Opinion
2024-UP-289 Appellate Case 2023-001686
07-29-2024
Melinda Inman Butler, of The Butler Law Firm, of Union, for Appellant. Andrew Troy Potter, of Anderson, for Respondent. Kimberly Welchel Pease, of Seneca, for the Guardian ad Litem.
THIS OPINION HAS NO PRECEDENTIAL VALUE. IT SHOULD NOT BE CITED OR RELIED ON AS PRECEDENT IN ANY PROCEEDING EXCEPT AS PROVIDED BY RULE 268(d)(2), SCACR.
Submitted July 25, 2024
Appeal From Anderson County M. Scott McElhannon, Family Court Judge
Melinda Inman Butler, of The Butler Law Firm, of Union, for Appellant.
Andrew Troy Potter, of Anderson, for Respondent.
Kimberly Welchel Pease, of Seneca, for the Guardian ad Litem.
PER CURIAM:
Haley Vanderford appeals the family court's final order terminating her parental rights to her minor children (Children). Mother argues the family court erred in finding (1) she failed to remedy the conditions that caused Children's removal, (2) she willfully failed to support Children, and (3) termination of parental rights (TPR) was in Children's best interests. We affirm.
"In appeals from the family court, this [c]ourt reviews factual and legal issues de novo." Simmons v. Simmons, 392 S.C. 412, 414, 709 S.E.2d 666, 667 (2011).
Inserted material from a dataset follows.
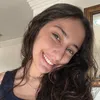 .dudareseende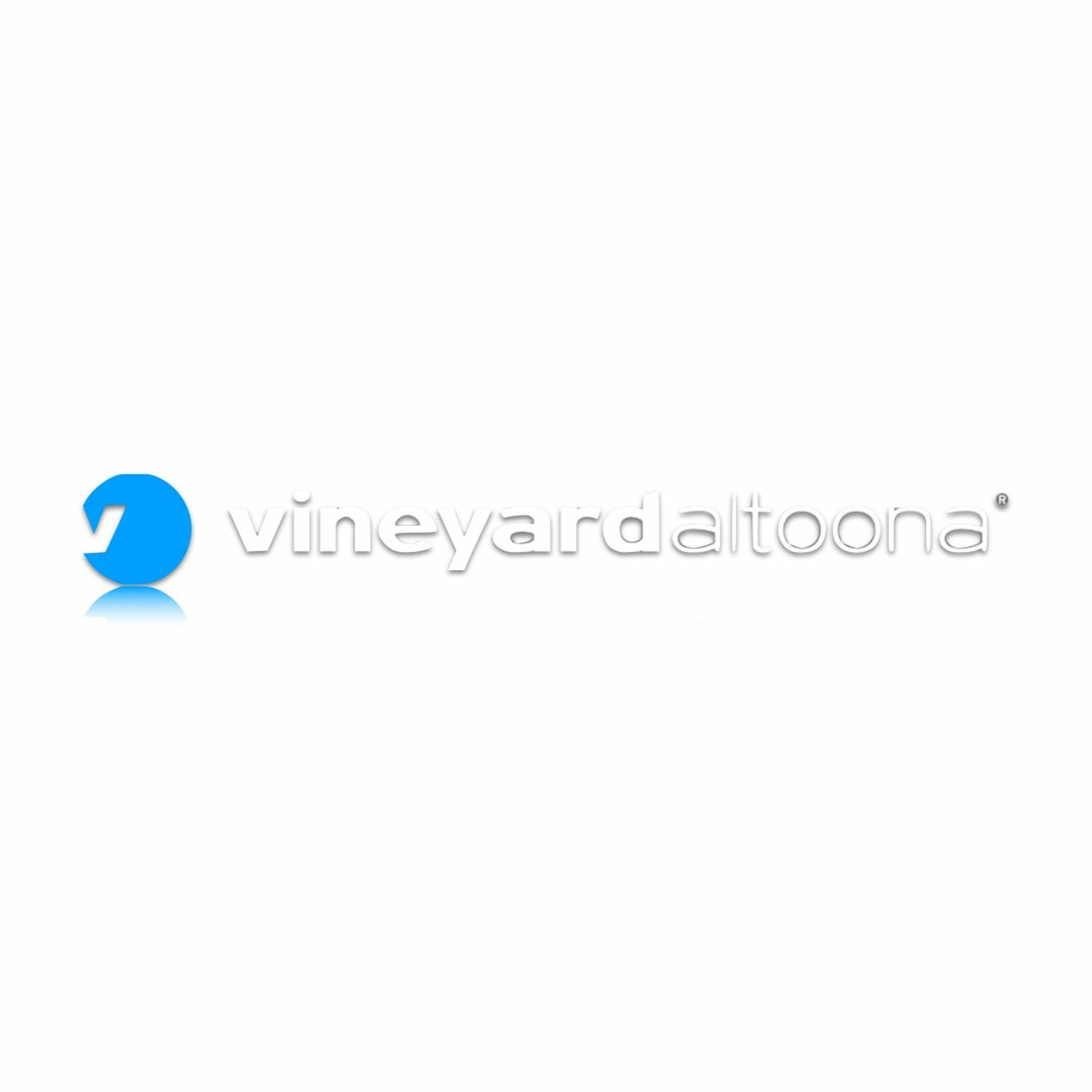 Vineyard Altoona Podcast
Although this court reviews the family court's findings de novo, we are not required to ignore the fact that the family court, which saw and heard the witnesses, was in a better position to evaluate their credibility and assign comparative weight to their testimony. Lewis v. Lewis, 392 S.C. 381, 385, 709 S.E.2d 650, 651-52 (2011).
The family court may order TPR upon finding a statutory ground for TPR is met and TPR is in the children's best interests. S.C. Code Ann. § 63-7-2570 (Supp. 2023). "A ground for termination of parental rights must be proved by clear and convincing evidence." S.C. Dep't of Soc. Servs. v. Parker, 336 S.C. 248, 254, 519 S.E.2d 351, 354 (Ct. App. 1999).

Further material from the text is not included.